FIELD SIZE IS THE MOST IMPORTANT FACTOR IN THE PRODUCTION OF SCATTER RADIATION. Radiographs taken of the whole body can miss
pulmonary metastasis due to scatter radiation degrading the overall image quality.
A few words on pulmonary metastatic neoplasia. Don't forget that without 3 radiographs when evaluating for pulmonary metastatic
neoplasia (both laterals and a DV or VD), up to 15% of pulmonary metastatic disease can be overlooked. If you are unsure if
the pulmonary nodule you see is a nipple or not, perform a "nippleogram". Place barium on the nipple in question and repeat
the VD film. Pulmonary osteomas are mineralized opacities that are less than 3mm in diameter and they can be diffuse throughout
the lungs. Do not confuse these with metastatic pulmonary neoplasia. On careful evaluation, these structures are extremely
opaque for being so small.

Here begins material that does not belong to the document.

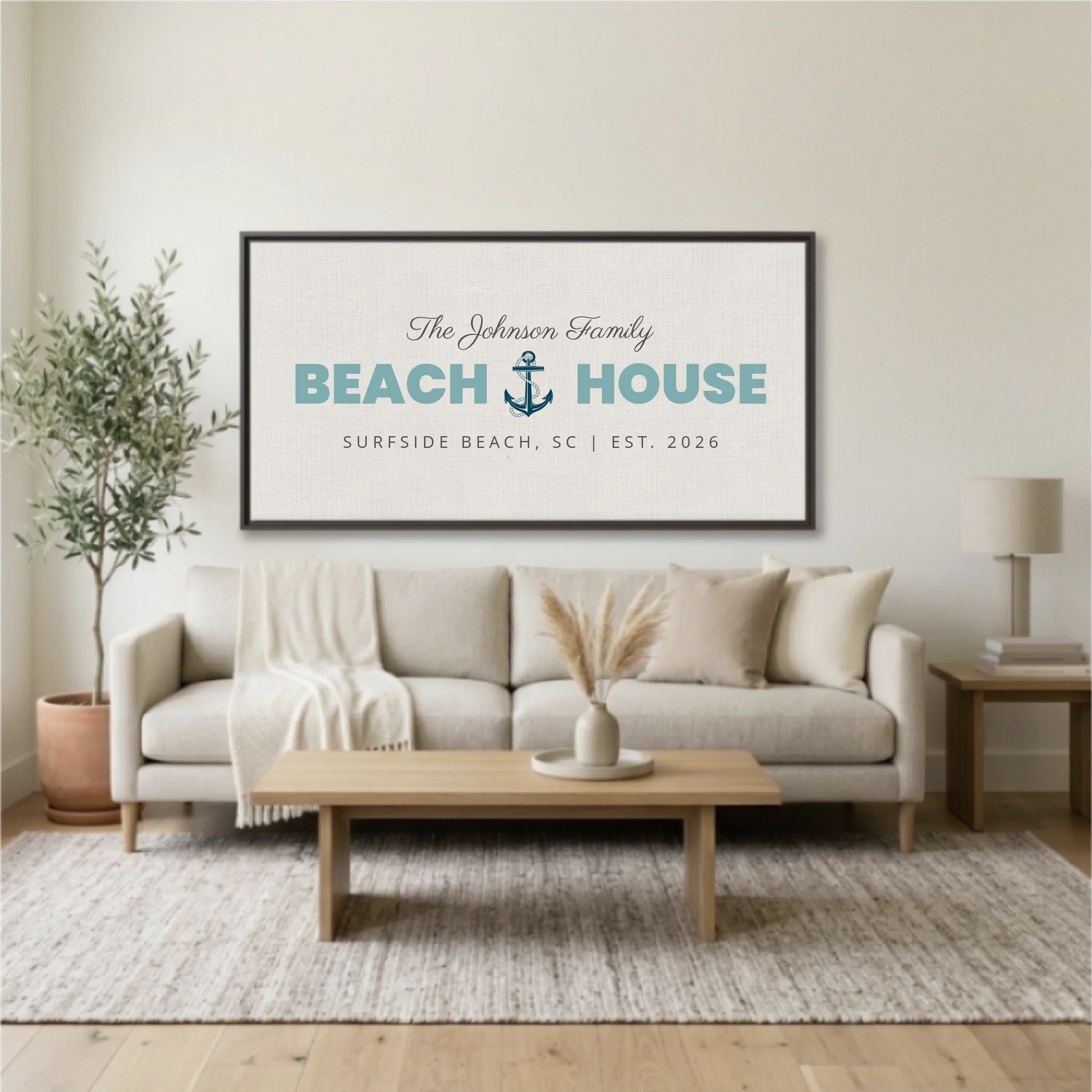 Living Room Espresso Framed Wide Format 2.1 Mockup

Pulmonary metastatic neoplasia is usually round and somewhat variously sized, not all measuring
less than 3mm.
In the abdomen, this is a more random group of things to remind you of. Many of these are easily performed techniques/studies
that will aid in your diagnostic ability.
In the abdomen, a VD view is always indicated. DV views are useless and really non-diagnostic. All the organs move with gravity
and become centered on midline and you can't really evaluate the organs effectively. If you have a dyspenic or painful patient
and you need to look at the abdomen, take a lateral view only to begin with. Taking a radiograph with the dog sitting sternal
(yes with the legs underneath them) really only serves to expose your staff to radiation un-necessarily.

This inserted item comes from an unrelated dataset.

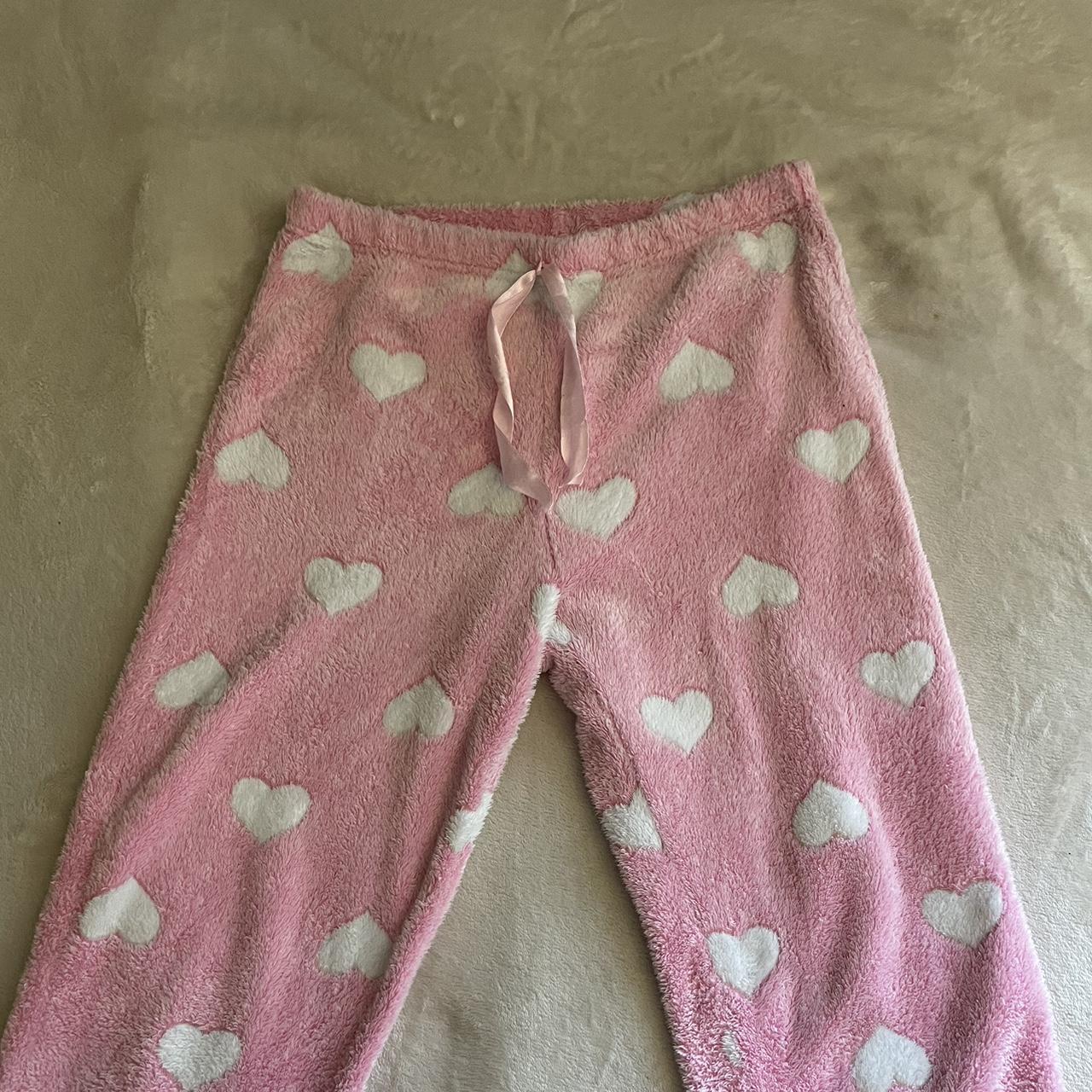 pink heart pajama pants fit as low rise pants no... - Depop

When you are obtaining radiographs of the caudal abdomen to evaluate dysuria/ stranguria, don't forget how long the urethra
is in a male dog. The femurs overly the urethra on a neutral lateral view. Fabella also summate with the urethra in this view,
making evaluation difficult. It takes two lateral views to fully evaluate the urethra. The "legs pulled cranially" view (ie
the butt shot) and the "legs pulled caudally" view.
You notice a mass effect in the cranial abdomen on your thoracic films. What should you do? First take abdominal radiographs
centered on the abdomen without the thorax included – is the mass still there? If so, take opposite lateral view. If it is
a "pyloric mass" or fluid filled pylorus on the right lateral view, it will become gas filled on the left laterally recumbent
view. By comparison, a mass in the tail of the spleen will be apparent in the cranioventral abdomen on both lateral views.
Abdominal compression techniques are useful to remember when evaluating for cystic calculi and other structures in the caudal
abdomen. If bowel is overlying the bladder use a wooden spoon to push the other structures out of the way so that you can
effectively evaluate without superimposition of other structures.
Now some non-pathologic findings/ structures to be remember. Ventral to the sixth lumbar vertebrae is the deep circumflex
iliac arteries. They exit the aorta perpendicularly compared to the external iliac arteries which leave at an angle from the
aorta. This causes the deep circumflex arteries to be increased in opacity on lateral views. These are located relative "high"
up in the abdomen. Do not confuse these normal anatomic structures with ureteral stones. Ureteral stones are usually located
slightly "lower" in the retroperitoneal space and are actually bone opacity. Aseptic fat necrosis used to be called a "cholesterol
cyst". This is an incidental finding in the mesentery of the abdomen (and rarely in the fat of the thorax). This appears as
a rounded, irregularly shaped less than 3cm diameter egg shell mineralized structure that is not associated with any abdominal
organ. These are hard to find with ultrasound and really you don't need to go look for them as they are non-pathologic. And
finally, adrenal mineralization in feline adrenal glands is common, often bilateral, most often appears as punctuate mineralization
cranial to the kidneys, and usually is seen on both radiographic projections.
By comparison, adrenal mineralization in dogs is pathopneumonic for adrenal neoplasia. Prostatic mineralization also is not
seen in normal patients. It should be considered adenocarcinoma until proven otherwise.